Кстати, познакомились мы как раз в газете. В 1927 году я прочел в газете «Смена» рассказ «Борцы». Сейчас мне не вспомнить его содержание: что-то из жизни цирка, приехавшего на гастроли в провинциальный город. Меня удивил не сюжет — удивила и запомнилась авторская манера, очень далекая от смеси эксцентризма и лирики, характерной тогда для стилевых поисков многих молодых прозаиков, в том числе и моих. Никаких синтаксических вывихов, никакого орнамента и словесной игры — все четко, точно, определенно, в добрых традициях русской реалистической прозы. Пожалуй, ближе всего к Куприну, тем более что Куприн и сам не раз писал о цирке.
Но не было там и эпигонства, школярского подражания: просто автору было удобно писать так, а не иначе, — он так и писал. Эта естественность интонации, поставленность голоса вызывали невольное уважение, несмотря на мою приверженность к совершенно иным литературным приемам. Мысленно я занес имя автора в список тех, кем стоит интересоваться и дальше, а это немало, если принять во внимание жесткий максимализм начинающих, которые обычно впускают в духовный свой обиход лишь немногих литературных собратьев!
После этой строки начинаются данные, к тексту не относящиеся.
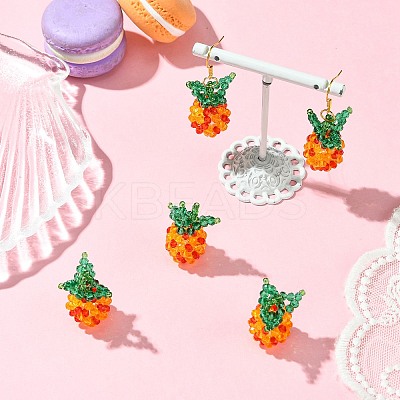 Handmade Nylon Wired Glass Beaded Pendants PALLOY-CJ00107-1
Правда, имя это мне было отчасти знакомо. В Ленинграде в то время вышли на старт сразу шесть или семь способных очеркистов и фельетонистов: Тубельский и Рыже́й (Братья Тур), Михаил Лоскутов, Бор. Бродянский, Ефим Южный, Сергей Безбородов и тот, о ком я сейчас пишу. Леонид Радищев и здесь выделялся ясным, уверенным слогом без излишнего словесного щегольства и показной эрудиции, которыми нередко грешат фельетонисты. Видно было, что он хорошо знает то, о чем пишет, знает не понаслышке, не из справочников и энциклопедий, а непосредственно из окружающего его мира. Этот мир, как известно, представлял собой не легко обозримую модель, не стоял спокойно на месте, — он бурно двигался и менялся, так что изучать и описывать его приходилось на ходу; помогало лишь то, что мы двигались вместе с ним.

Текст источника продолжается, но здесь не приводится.